Internal organization
The General Meeting elects together with the members of the Board of Directors the Chairman of the Board of Directors and the members of the Compensation Committee. In all other respects, the Board of Directors constitutes itself.
If the Chairman resigns from the Board before the end of the term of office, the Board of Directors appoints a Chairman from among its members until election at the next General Meeting. Should one or more members of the Compensation Committee retire early, the Board of Directors can appoint substitutes from among its members until the conclusion of the next General Meeting.

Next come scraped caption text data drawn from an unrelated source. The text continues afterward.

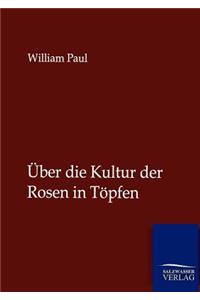 Über die Kultur der Rosen in Töpfen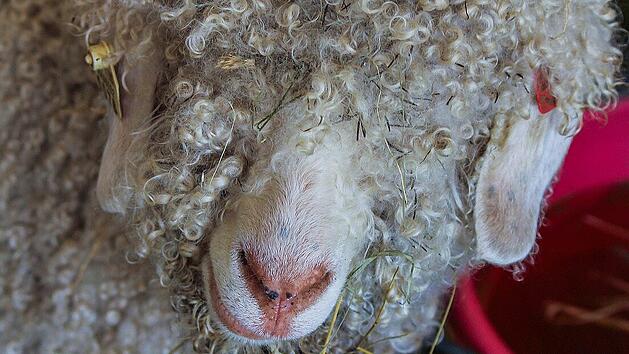 Kaum eine Angoraziege erreicht ihre eigentliche Lebenserwartung von zehn Jahren.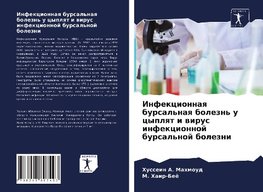Infekcionnaq bursal'naq bolezn' u cyplqt i wirus infekcionnoj bursal'noj bolezni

The Chairman presides over the General Meeting, represents the company externally and procures together with the CEO and the members of Group Management timely information to the Board of Directors on all matters important for decision-making and the monitoring of significant Group concerns. He is responsible for preparing all matters to be dealt with by the Board of Directors, placing them on the agenda, and for convening and chairing Board of Directors’ meetings. In addition, the Executive Chairman of the Board of Directors assumes the following tasks:
- Representation and positioning of the Lindt & Sprüngli Group towards the public, the authorities, and the company shareholders (communications) unless the Executive Chairman of the Board of Directors delegates this task after internal consultation between himself and the CEO of the Lindt & Sprüngli Group to the CEO;
- Responsibility for the long-term strategic direction of the Lindt & Sprüngli Group and specific strategic projects, including transactions;
- Supporting important alliances and strategic partnerships;
- Positioning the Lindt & Sprüngli Group in the area of communications and marketing;
- Overall responsibility for corporate culture;
- Additional tasks are derived from the allocation of competences and the resolutions passed by the Board of Directors.

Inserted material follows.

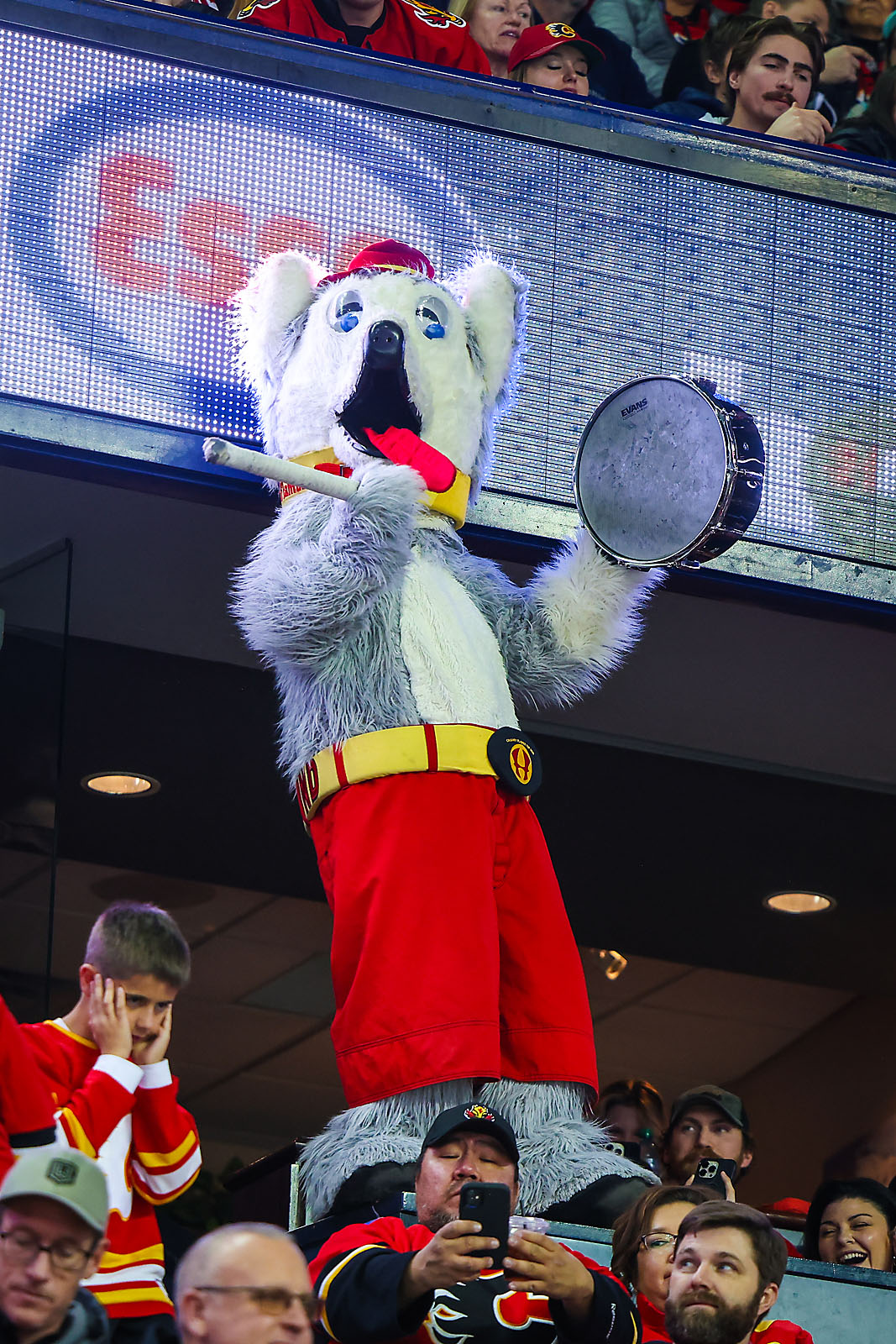 nhl hockey Calgary Flames sports photographer sergei belski photo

The CEO, together with the Group Management, is entrusted with the task of managing the business. The CEO presides over Group Management and coordinates in close collaboration with the Executive Chairman of the Board of Directors on the most important decisions. Further details about the tasks of the CEO and Group Management can be found in the chapter “Allocation of competences” in this Annual Report.
The Board of Directors meets regularly – as often as business requires – but at least four times a year. Meetings are convened by the Chairman, or by another member of the Board of Directors appointed to substitute him. Each member of the Board of Directors is authorized to request a meeting to be convened without delay; the purpose must be stated.
The Chairman or, in his absence, another member of the Board of Directors appointed to substitute him, presides over the meetings. Along with members of the Board of Directors, the meetings may also be attended by members of Group Management and other non-members. In the year under review, four regular meetings were held, whereby all members attended these meetings. Three regular telephone conferences were held, whereby one member did not attend one of these telephone conferences. No circular resolutions were conducted. The regular meetings lasted around three hours. The telephone conferences lasted around one hour. Members of Group Management regularly attended these meetings, in compliance with exclusion principles. No external consultants took part in meetings of the Board of Directors.